It was one of those rare moments in Washington where there wasn't a hint of politics - Republicans and Democrats stood side by side in the center of the Capitol to pay tribute to "America's pastor."

"Today we say a prayer for our country, that all across this land the Lord will raise up men and women like Billy Graham to spread a message of love and hope to every child of God," President Donald Trump said in his remarks to the gathering in the Capitol Rotunda.

The President and first lady stood among a room full of the most powerful people in Washington in this special ceremony marking this rare occasion - the Rev. Billy Graham lying in honor at the Capitol.

Graham's incredible global Christian influence was on full display outside the Capitol where hundreds turned out to get in line, before dawn for a chance to see the casket in person.

"I guess growing up in North Carolina, Billy Graham was just a part of the fabric that is North Carolina," said Laura Kahn, a native of Davidson County who now works in Washington for the federal government. She took bereavement leave to come to the viewing.

"I actually got to hear him when I was 15 years old at Bank of America Stadium in Charlotte and I still remember, not necessarily the words, but how I felt - to proclaim something simply and the love of Jesus in such a simple way," she recalled.

Mabel Anderson, of Georgia, just underwent knee surgery three weeks ago. She arrived at the Capitol in a wheelchair pushed by her daughter. She said nothing was going to keep her from being here.

"(Graham's) example was as important as what he said. But he could speak in terms that really made us understand," Anderson said.

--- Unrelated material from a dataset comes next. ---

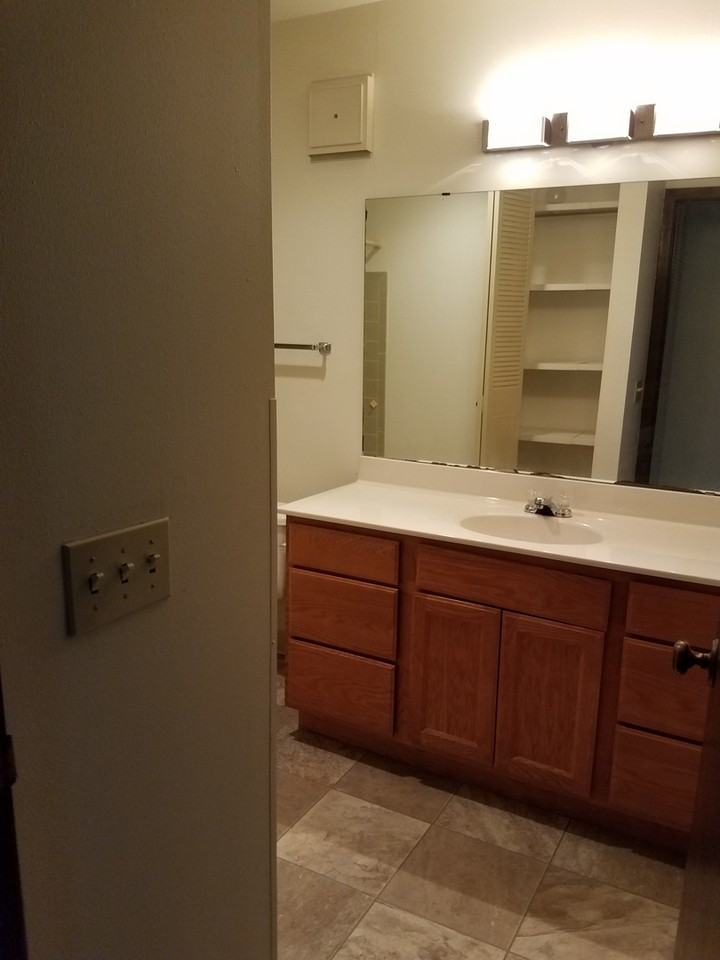 Courtyard Apartment Homes - 812 - Photo 6 of 13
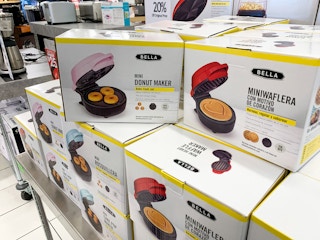 macys black friday bella mini waffle maker donut maker cake pop maker 2020 13 1605737313 1605737313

Anderson's daughter, Sharon White, happily obliged her elderly mother's wish to pay her respects in person.

"My mother is the most fiercely independent and determined woman I know on the face of the Earth, and I think she probably would've come whether we brought her not. She would've found a way," she said.

Fayetteville Congressman Robert Pittenger was in the rotunda for the ceremony. Outside, he fondly recalled his memory of caddying for Graham while the famous evangelist played in the Byron Nelson Golf Classic in 1971.

"What a great tribute this is to him," Pittenger said. "When you meet (Graham) for the first time, he always looks you in the eye. He cared about people."

North Carolina Sens. Richard Burr and Thom Tills announced the passage of Senate Joint Resolution 53 - a special act of Congress honoring the life and legacy of Graham whose body will lie in honor at the Capitol until Thursday morning before making its final journey back home to North Carolina.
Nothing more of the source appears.